:: TASK ITEM ::
What is needed is an exact reproduction of the lines in the records below, starting at the line with "Lecca Vs Haida Invictus Kickboxing Arena" and ending at the line with "E18HTEEN Quick Dry", both included, and nothing else; pictures stay out.

:: THE DATA ::
• • • • •

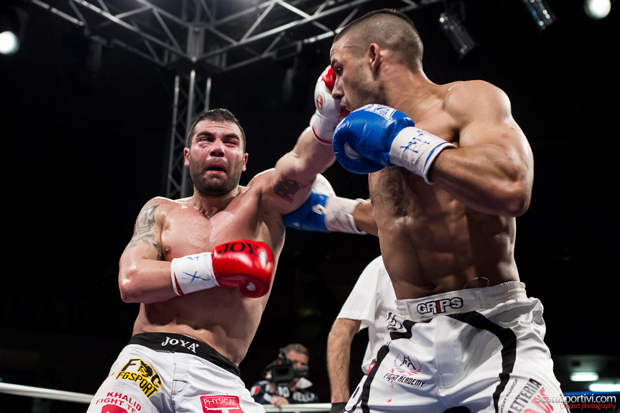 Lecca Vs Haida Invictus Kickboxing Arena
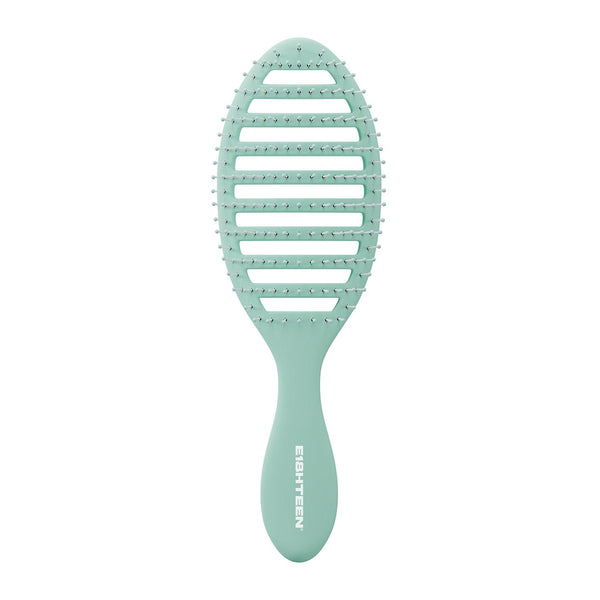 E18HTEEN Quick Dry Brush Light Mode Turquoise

• • • • •

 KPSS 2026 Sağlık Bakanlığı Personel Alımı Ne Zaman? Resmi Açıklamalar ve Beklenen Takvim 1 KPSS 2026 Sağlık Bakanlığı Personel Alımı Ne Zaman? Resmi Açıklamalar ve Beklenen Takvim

• • • • •

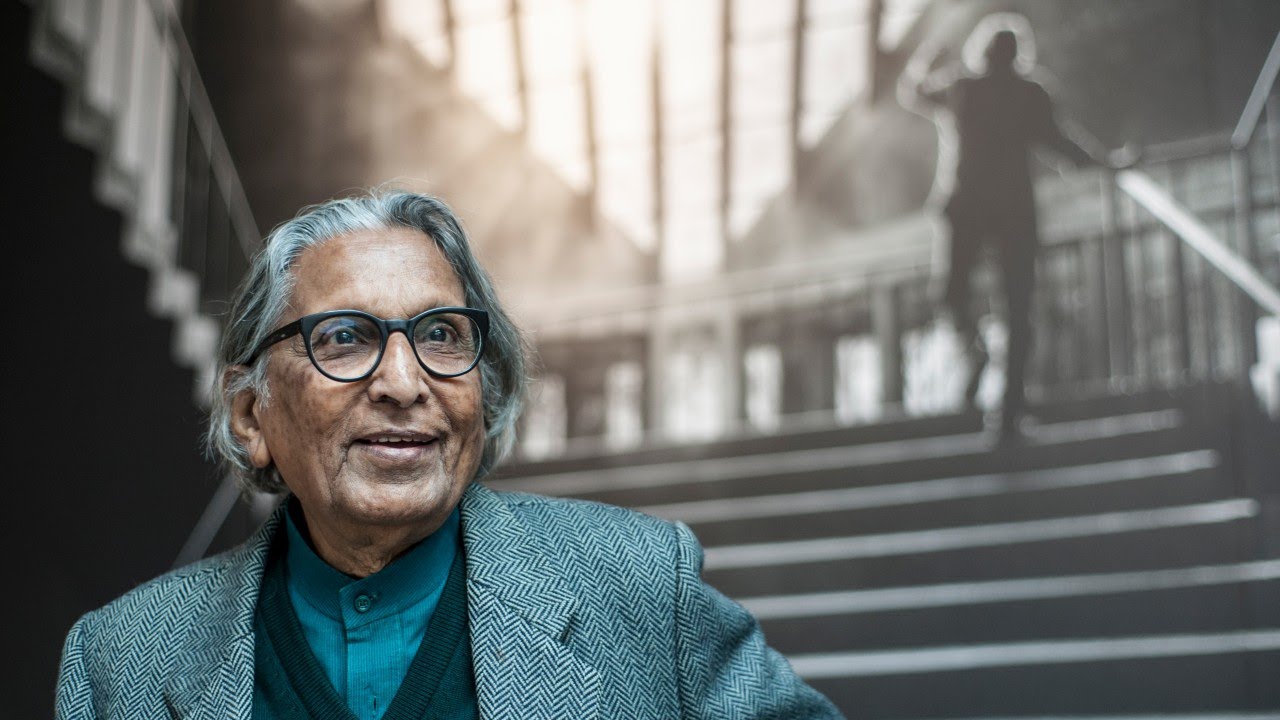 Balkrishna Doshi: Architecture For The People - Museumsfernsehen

• • • • •

:: SOLUTION TO THE PROBLEM ::
 Lecca Vs Haida Invictus Kickboxing Arena
 E18HTEEN Quick Dry Brush Light Mode Turquoise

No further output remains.